The subject matter alone, at a running time of over two-and-a-half hours, is likely to ward off plenty who’d rather see him deal with matters more profane than sacred.That isn’t always a good thing, but it mostly is: it’s an invitingly austere movie, designed for both searching believers and curious others.The film can be cinematically rigorous, but it’s never ritualistically flashy.Secretly ensconced in a mountainside hut, and tending to wretched yet hopeful “kirishitan” (hidden Christians) grateful for the outlawed Catholic rituals (baptisms, confessions) they offer under cover of night, the pair struggle with impatience and hardship but thrive in another sense: the villagers’ neediness renews them.ROME — Martin Scorsese’s passion project “Silence,” about Portuguese Jesuit missionaries in 17th-century Japan, is set to be screened at the Vatican this month for an audience comprising several hundred Jesuit priests, ahead of its initial U. has learned that the screening is almost certainly scheduled for Nov. The Vatican is known to promote faith-based films in various ways.Directed by Martin Scorsese and starring Leonardo Di Caprio, Matt Damon, Jack Nicholson, Mark Wahlberg and Vera Farmiga, the gangster film and story of its making are filled with little known facts.
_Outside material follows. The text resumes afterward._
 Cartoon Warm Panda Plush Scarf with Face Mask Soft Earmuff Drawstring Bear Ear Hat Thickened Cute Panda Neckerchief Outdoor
The wait for Martin Scorsese’s adaptation of Shūsaku Endō’s 1966 novel “Silence,” about a pair of Portuguese missionaries on dangerous footing in Christian-unfriendly 17th century Japan, has been so long that the eventual offering has an unmistakably devotional air.
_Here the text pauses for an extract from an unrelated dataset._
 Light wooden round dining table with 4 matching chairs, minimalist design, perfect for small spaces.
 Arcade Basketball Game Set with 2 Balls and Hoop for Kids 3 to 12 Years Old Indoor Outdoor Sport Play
News of the Vatican “Silence” screening was first reported by The New York Times, based on an interview with Scorsese. It is considered unlikely, though not impossible, that Pope Francis, a Jesuit himself, will be in the audience.
The Vatican screening, which is the long-gestating film’s de facto world premiere, is likely to have been sought, and certain to be welcomed, by Paramount.
“Silence” is the largest, most serious-minded examination of faith since Terrence Malick’s “The Tree of Life,” rounding out a trilogy on the subject from the director of “Kundun” and “The Last Temptation of Christ.” At the core of “Silence” lies the dilemma: What does it mean to apostatize?
Though the screenplay (which Scorsese adapted with Jay Cocks, his collaborator on “The Age of Innocence” and “Gangs of New York”) intends for us to consider this question on some deep teleological level, the film would do well to engage with it first in more literal terms.
While it’s not unusual for new faith-based films to screen in Vatican City for audiences largely made up by clergy, it’s rare for the Vatican to become the first place where an upcoming Hollywood release gets its first public screening.